Promises, pitfalls and spatialization of geothermal energy as a decarbonization strategy.
This project is a collaboration between University of Groningen (Ethemcan Turhan), KTH (Marco Armiero) and University of Chile (Marco Billi). The overarching aim is to identify and compare different socio-technical pathways to geothermal energy across different cases, particularly distinguishing transitional and transformative approaches to geothermal power and the socio-technical system dynamics and assemblages they bring forward. The ultimate goal of the project is to improve our understanding of promises, pitfalls and diverse spatializations of the energy transition to pave the way towards transformative change in decarbonization across urban energy landscapes.
Harnessing the energies of steaming hot waters pumped from deep underground aquifers with high pressure, geothermal energy is one of the much-lauded forms of sustainable energy in a time of climate crisis. Often praised concerning its 'untapped' potential, the promise of geothermal resources is to provide high quality, climate-friendly, reliable and cheap energy for societies on their green growth pathways. Transnational initiatives such as the Global Geothermal Alliance as well as other regional strategies such as the European Strategic Energy Technology Plan also indicate the crucial role geothermal plays towards global decarbonization. Nonetheless, this enthusiasm in harnessing the heat under our feet through geothermal investments is not shared equally and unequivocally.

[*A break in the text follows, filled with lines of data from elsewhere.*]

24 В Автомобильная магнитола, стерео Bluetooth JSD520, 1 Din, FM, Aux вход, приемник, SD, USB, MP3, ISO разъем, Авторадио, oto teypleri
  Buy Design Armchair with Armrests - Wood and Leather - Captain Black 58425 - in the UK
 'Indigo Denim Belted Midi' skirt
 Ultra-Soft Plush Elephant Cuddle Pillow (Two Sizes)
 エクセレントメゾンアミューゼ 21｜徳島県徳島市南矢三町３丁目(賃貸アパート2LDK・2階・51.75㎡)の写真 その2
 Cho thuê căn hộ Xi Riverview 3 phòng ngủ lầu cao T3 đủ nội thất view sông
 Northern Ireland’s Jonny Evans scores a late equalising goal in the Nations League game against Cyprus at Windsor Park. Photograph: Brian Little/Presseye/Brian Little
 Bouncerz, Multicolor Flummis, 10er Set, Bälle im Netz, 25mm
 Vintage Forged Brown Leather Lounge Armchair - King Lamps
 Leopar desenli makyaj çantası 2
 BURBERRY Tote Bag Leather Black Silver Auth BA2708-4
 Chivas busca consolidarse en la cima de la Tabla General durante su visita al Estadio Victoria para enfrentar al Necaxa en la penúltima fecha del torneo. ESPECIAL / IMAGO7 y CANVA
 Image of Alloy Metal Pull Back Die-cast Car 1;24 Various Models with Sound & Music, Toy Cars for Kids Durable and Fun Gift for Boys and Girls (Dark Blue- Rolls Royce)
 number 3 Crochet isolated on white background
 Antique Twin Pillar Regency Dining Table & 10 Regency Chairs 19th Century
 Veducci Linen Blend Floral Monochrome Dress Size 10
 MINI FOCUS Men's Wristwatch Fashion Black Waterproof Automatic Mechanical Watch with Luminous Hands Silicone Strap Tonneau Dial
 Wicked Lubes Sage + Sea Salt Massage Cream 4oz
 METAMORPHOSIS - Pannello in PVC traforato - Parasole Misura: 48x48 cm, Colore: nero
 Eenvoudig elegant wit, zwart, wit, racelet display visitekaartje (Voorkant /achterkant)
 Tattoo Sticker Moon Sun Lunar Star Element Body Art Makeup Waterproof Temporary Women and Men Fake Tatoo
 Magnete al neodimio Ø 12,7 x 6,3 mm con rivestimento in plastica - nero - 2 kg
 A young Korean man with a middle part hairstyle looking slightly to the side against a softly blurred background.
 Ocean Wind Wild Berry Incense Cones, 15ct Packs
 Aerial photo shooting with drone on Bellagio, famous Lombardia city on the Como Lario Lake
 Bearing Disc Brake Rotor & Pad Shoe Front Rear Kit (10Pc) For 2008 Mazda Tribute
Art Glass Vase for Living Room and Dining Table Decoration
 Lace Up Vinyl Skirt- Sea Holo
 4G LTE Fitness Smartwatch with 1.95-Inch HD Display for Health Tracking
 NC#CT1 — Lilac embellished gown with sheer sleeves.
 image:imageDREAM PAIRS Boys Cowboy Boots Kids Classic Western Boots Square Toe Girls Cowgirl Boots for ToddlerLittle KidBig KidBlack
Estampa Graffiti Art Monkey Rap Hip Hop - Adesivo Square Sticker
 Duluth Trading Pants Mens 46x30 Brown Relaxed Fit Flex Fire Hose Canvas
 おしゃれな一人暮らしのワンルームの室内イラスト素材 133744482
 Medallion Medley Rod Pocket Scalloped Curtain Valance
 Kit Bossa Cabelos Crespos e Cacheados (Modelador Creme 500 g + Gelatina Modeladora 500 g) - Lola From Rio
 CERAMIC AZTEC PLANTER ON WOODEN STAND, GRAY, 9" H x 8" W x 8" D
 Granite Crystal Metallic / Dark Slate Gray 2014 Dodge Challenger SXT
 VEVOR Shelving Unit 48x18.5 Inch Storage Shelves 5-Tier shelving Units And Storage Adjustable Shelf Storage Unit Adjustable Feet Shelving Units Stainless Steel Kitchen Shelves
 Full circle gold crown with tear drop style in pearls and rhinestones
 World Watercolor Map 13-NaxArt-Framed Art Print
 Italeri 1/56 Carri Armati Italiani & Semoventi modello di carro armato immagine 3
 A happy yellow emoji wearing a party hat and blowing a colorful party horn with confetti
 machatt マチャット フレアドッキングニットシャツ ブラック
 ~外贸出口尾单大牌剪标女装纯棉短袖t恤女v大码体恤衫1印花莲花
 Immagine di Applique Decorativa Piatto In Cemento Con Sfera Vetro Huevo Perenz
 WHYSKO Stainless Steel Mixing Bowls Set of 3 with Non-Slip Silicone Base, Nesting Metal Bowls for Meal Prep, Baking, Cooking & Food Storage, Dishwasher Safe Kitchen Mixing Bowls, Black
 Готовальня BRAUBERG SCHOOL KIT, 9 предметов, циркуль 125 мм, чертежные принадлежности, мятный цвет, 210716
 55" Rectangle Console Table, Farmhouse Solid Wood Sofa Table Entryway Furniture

Following geothermal power as a socio-technical regime, an assemblage of objects, infrastructures, and material-discursive practices, this project focuses on the spatialization of geothermal as a decarbonization strategy in three distinct contexts: Sweden, Chile, and Turkey.
The project will investigate three complementary dimensions with a transdisciplinary comparative focus:
a) institutional / policy context b) assemblages and materialities of geothermal energy c) sociotechnical trajectories and imaginaries through multi-method approach including comparative policy analysis, Q-methodology, in-depth case studies, and Metalogue, a participatory tool for decarbonization.